··· EXERCISE DATA ···

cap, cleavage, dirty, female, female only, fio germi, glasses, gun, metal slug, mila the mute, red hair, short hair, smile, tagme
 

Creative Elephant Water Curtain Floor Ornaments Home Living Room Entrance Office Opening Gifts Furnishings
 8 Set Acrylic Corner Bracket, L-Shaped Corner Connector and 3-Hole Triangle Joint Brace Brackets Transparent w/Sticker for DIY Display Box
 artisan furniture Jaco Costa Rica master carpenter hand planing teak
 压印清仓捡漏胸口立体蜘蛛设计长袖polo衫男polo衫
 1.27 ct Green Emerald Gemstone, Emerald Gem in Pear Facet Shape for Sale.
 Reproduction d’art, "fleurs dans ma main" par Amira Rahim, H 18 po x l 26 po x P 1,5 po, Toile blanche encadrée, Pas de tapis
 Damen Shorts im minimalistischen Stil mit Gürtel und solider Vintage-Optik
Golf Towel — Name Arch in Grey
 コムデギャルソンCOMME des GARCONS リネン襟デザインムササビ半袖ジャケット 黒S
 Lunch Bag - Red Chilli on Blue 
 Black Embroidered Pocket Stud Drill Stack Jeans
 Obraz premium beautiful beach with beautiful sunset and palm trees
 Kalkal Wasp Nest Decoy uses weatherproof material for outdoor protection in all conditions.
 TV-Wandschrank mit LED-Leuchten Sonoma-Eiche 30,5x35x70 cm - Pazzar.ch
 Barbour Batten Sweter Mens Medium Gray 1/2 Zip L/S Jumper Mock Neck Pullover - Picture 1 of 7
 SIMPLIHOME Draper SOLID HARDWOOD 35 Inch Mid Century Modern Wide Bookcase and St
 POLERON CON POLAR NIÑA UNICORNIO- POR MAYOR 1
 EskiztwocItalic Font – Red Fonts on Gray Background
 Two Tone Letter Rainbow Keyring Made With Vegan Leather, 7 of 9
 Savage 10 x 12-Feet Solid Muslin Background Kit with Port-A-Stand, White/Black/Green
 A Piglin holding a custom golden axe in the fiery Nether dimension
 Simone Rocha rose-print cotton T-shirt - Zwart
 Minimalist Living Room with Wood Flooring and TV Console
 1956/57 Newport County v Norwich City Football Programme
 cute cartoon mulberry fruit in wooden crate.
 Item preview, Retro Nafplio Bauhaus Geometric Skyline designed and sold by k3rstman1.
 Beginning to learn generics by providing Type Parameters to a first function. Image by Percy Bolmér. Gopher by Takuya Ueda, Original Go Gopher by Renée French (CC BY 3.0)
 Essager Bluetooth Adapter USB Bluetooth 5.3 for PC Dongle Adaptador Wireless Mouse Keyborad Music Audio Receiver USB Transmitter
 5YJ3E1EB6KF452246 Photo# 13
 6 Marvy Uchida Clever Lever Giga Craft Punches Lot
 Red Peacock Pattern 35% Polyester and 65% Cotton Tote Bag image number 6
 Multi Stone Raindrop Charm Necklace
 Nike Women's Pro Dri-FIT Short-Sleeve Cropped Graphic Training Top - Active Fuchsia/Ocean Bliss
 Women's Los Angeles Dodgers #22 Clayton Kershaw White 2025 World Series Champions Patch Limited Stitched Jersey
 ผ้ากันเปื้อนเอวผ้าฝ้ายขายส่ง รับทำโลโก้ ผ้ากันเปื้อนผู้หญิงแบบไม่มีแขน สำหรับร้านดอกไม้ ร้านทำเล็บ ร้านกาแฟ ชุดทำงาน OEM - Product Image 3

···

_REQUIRED ACTION_. Set down exactly, and only, the lines of the data above from the line containing "Multi Stone Raindrop Charm Necklace" through the last one.

_EXPECTED ANSWER_.
 Multi Stone Raindrop Charm Necklace
 Nike Women's Pro Dri-FIT Short-Sleeve Cropped Graphic Training Top - Active Fuchsia/Ocean Bliss
 Women's Los Angeles Dodgers #22 Clayton Kershaw White 2025 World Series Champions Patch Limited Stitched Jersey
 ผ้ากันเปื้อนเอวผ้าฝ้ายขายส่ง รับทำโลโก้ ผ้ากันเปื้อนผู้หญิงแบบไม่มีแขน สำหรับร้านดอกไม้ ร้านทำเล็บ ร้านกาแฟ ชุดทำงาน OEM - Product Image 3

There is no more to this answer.